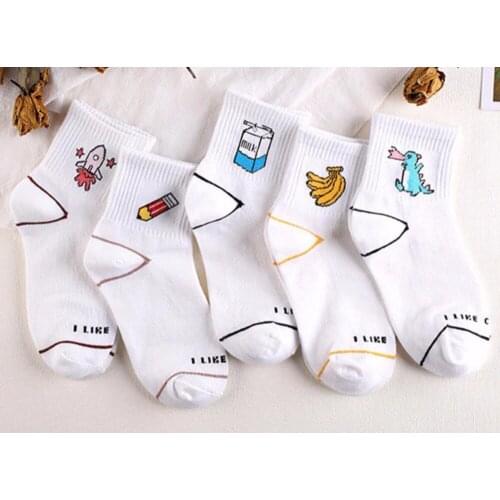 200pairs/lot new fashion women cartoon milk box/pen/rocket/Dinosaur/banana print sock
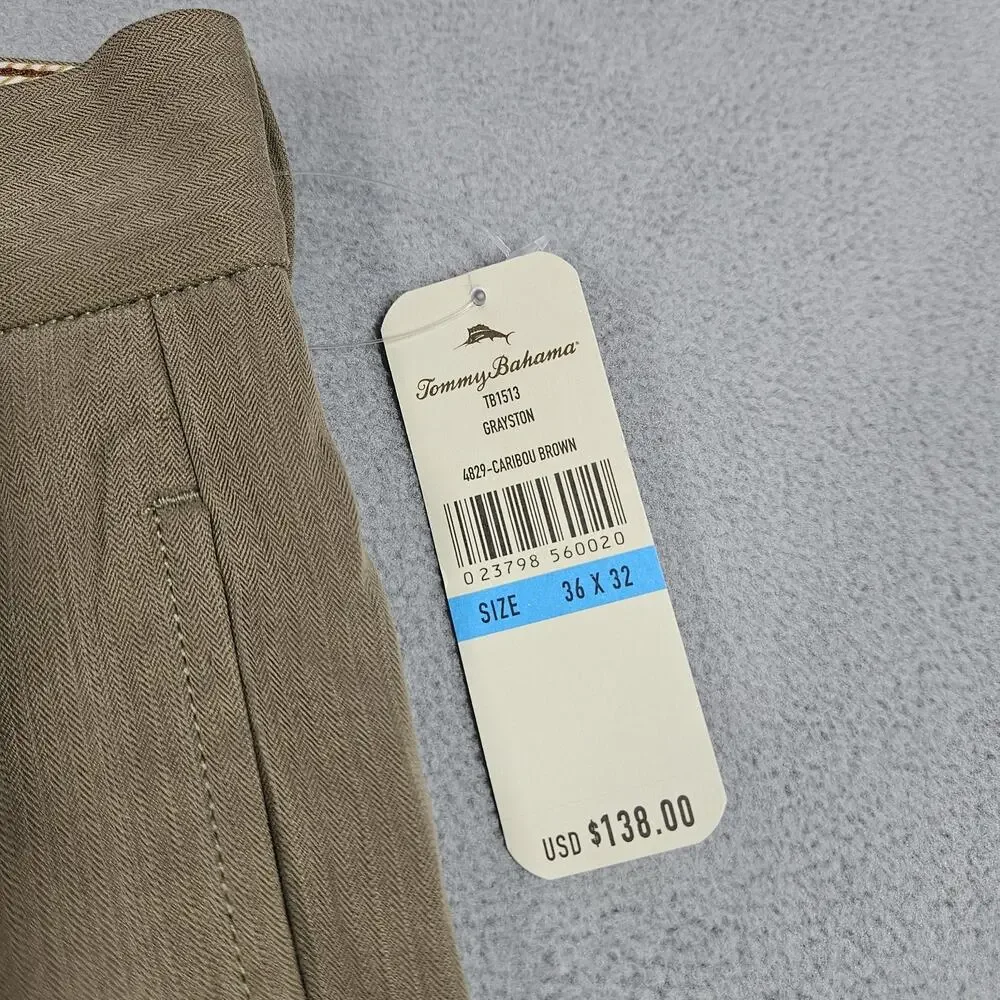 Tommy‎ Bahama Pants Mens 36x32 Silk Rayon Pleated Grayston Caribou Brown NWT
● ● ●
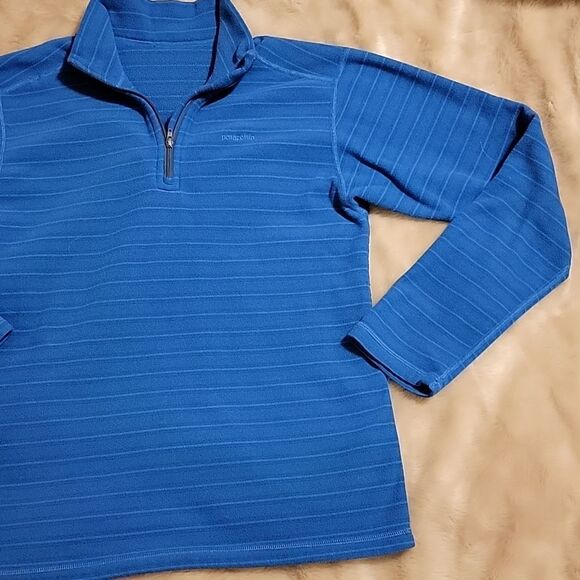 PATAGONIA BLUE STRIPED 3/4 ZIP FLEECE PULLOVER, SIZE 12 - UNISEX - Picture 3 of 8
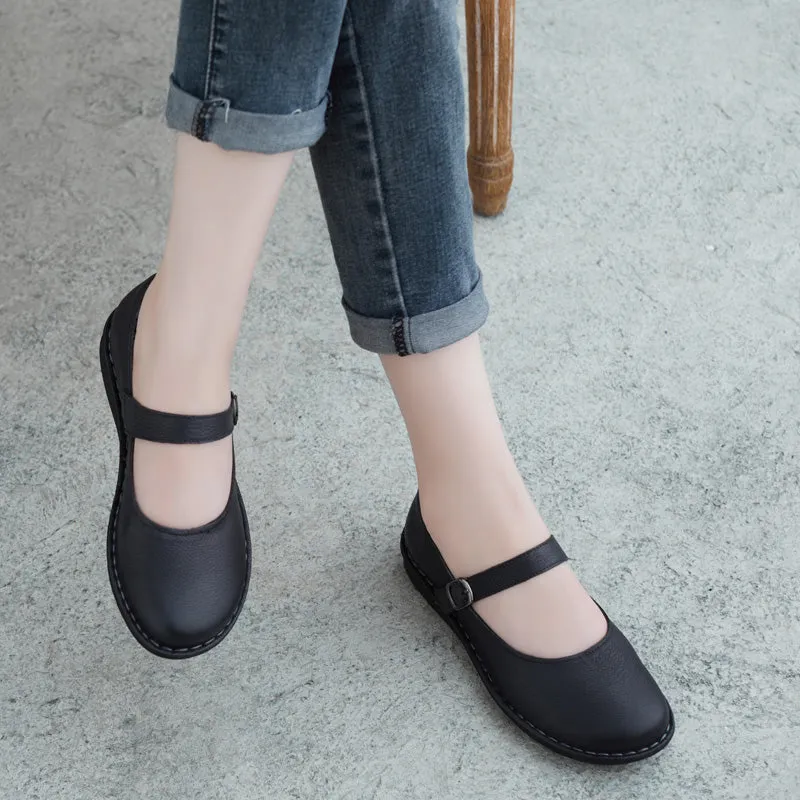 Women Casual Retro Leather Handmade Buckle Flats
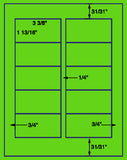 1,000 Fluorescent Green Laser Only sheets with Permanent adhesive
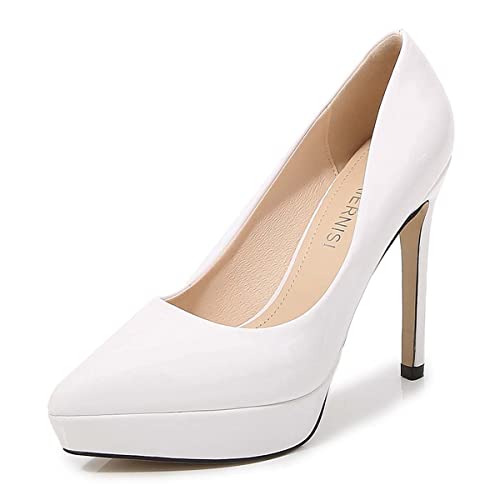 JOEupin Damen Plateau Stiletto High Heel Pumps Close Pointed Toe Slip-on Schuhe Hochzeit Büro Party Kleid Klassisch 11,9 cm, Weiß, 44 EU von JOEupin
● ● ●
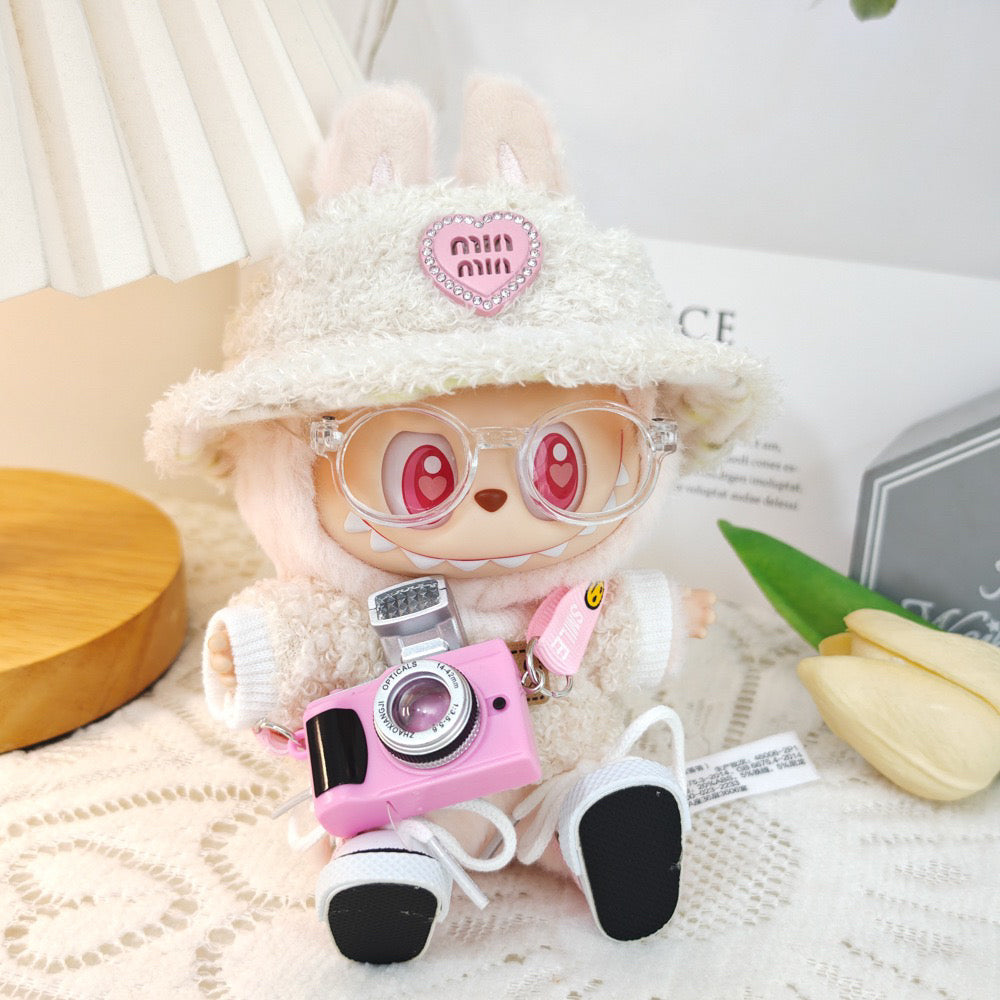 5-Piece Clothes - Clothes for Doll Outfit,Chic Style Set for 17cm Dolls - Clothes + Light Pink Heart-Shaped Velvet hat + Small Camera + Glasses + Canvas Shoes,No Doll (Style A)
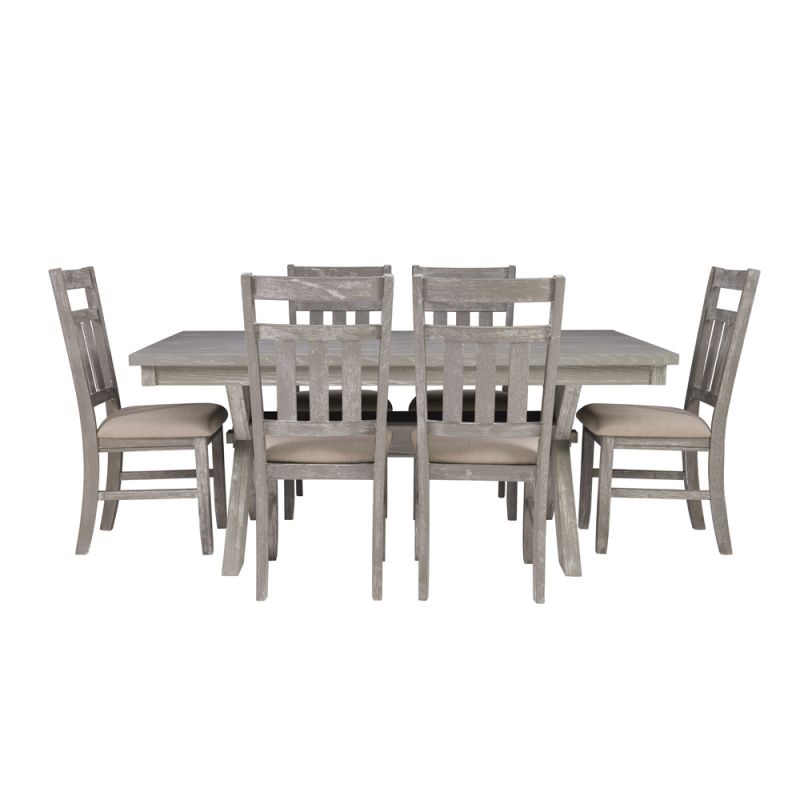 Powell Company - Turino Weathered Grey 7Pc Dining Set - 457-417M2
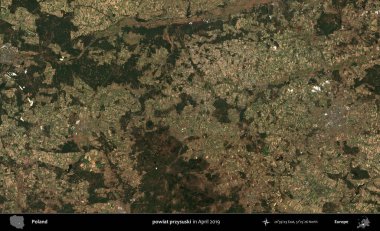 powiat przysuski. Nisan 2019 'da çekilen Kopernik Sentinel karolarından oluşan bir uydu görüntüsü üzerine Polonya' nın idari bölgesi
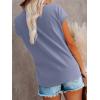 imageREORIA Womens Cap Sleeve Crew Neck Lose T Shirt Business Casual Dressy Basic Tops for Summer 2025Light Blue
● ● ●
● **TASK TO COMPLETE**
Your answer must be everything above from the line with "powiat przysuski. Nisan" down to the line with "imageREORIA Womens Cap", word for word, and no pictures.

● **SOLUTION TO THIS EXERCISE**
 powiat przysuski. Nisan 2019 'da çekilen Kopernik Sentinel karolarından oluşan bir uydu görüntüsü üzerine Polonya' nın idari bölgesi
 imageREORIA Womens Cap Sleeve Crew Neck Lose T Shirt Business Casual Dressy Basic Tops for Summer 2025Light Blue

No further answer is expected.